Un episodio, in particolare, viene riportato nel fascicolo, quando il caporeparto Emanuel Dante, un 43enne di Conselice, il “promotore” per eccellenza degli atteggiamenti di mobbing, aveva chiesto dinanzi alla donna a un camionista addetto ai rifornimenti se preferirebbe avere un figlio gay o un figlio tifoso dell’Inter.

Atteggiamenti messi in atto ogni giorno per lunghi anni, e che hanno provocato alla dipendente serie ripercussioni sulla sua salute mentale.

Attacchi di panico e di ansia sono rientrati all’interno di un quadro clinico sintomatologico che i medici hanno valutato come stress lavorativo.

E’ da questa diagnosi che sono partite le accuse di lesioni personali nel fascicolo aperto dal sostituto procuratore Antonio Vincenzo Bartolozzi.

La 40enne a la compagna, entrambe assistite dal legale Alfonso Gaudenzi, non hanno retto più quella tortura lavorativa che ogni giorno dovevano subire.

La condanna per mobbing omofobo

Nella giornata di ieri è arrivata la condanna dal giudice Tommaso Paone: 3 mesi al caporeparto Emanuel Dante, e una multa di 500 euro, invece, per Pietro Rocchi, 52enne di Riolo Terme, Claudio Amatori, 56enne di Rimini, ed Emiliano Brunetti, 42enne di Ferrara, tutti coimputati.
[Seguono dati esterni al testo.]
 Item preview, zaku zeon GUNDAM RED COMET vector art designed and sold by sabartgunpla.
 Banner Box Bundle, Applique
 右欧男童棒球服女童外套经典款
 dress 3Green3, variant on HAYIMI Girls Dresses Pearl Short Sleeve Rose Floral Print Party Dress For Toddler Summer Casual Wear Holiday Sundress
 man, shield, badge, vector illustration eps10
Caporeparto, responsabili regionali per l’amministrazione e la logistica e il procuratore speciale della ditta sono stati ritenuti direttamente responsabili di lesioni personali nei confronti della dipendente.

Accusa, questa, ricaduta inizialmente nei confronti di Dante e poi estesa agli altri 3 dirigenti.
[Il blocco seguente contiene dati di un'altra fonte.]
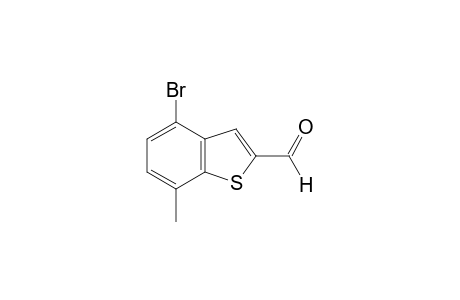 4-bromo-7-methylbenzo[b]thiophene-2-carboxaldehyde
Costoro sono stati responsabili, per altro, di aver omesso lo svolgimento del test di valutazione da stress lavorativo, attraverso l’adozione di un documento che il sostituto procuratore ha definito come “del tutto generico” e realizzato senza aver interpellato il rappresentante per la sicurezza dei lavoratori per un suo parere.

La condanna ricade anche sulla stessa azienda, la Lidl, che dovrà risarcire il danno che dovrà essere liquidato in separata sede nei confronti delle parti offese.

Il giudice, alla fine, ha demandato la procedura di quantificazione del danno alla sede civile, a fronte della richiesta di risarcimento iniziale avanzata dalla dipendente di un ammontare compreso fra i 70 e i 100mila euro.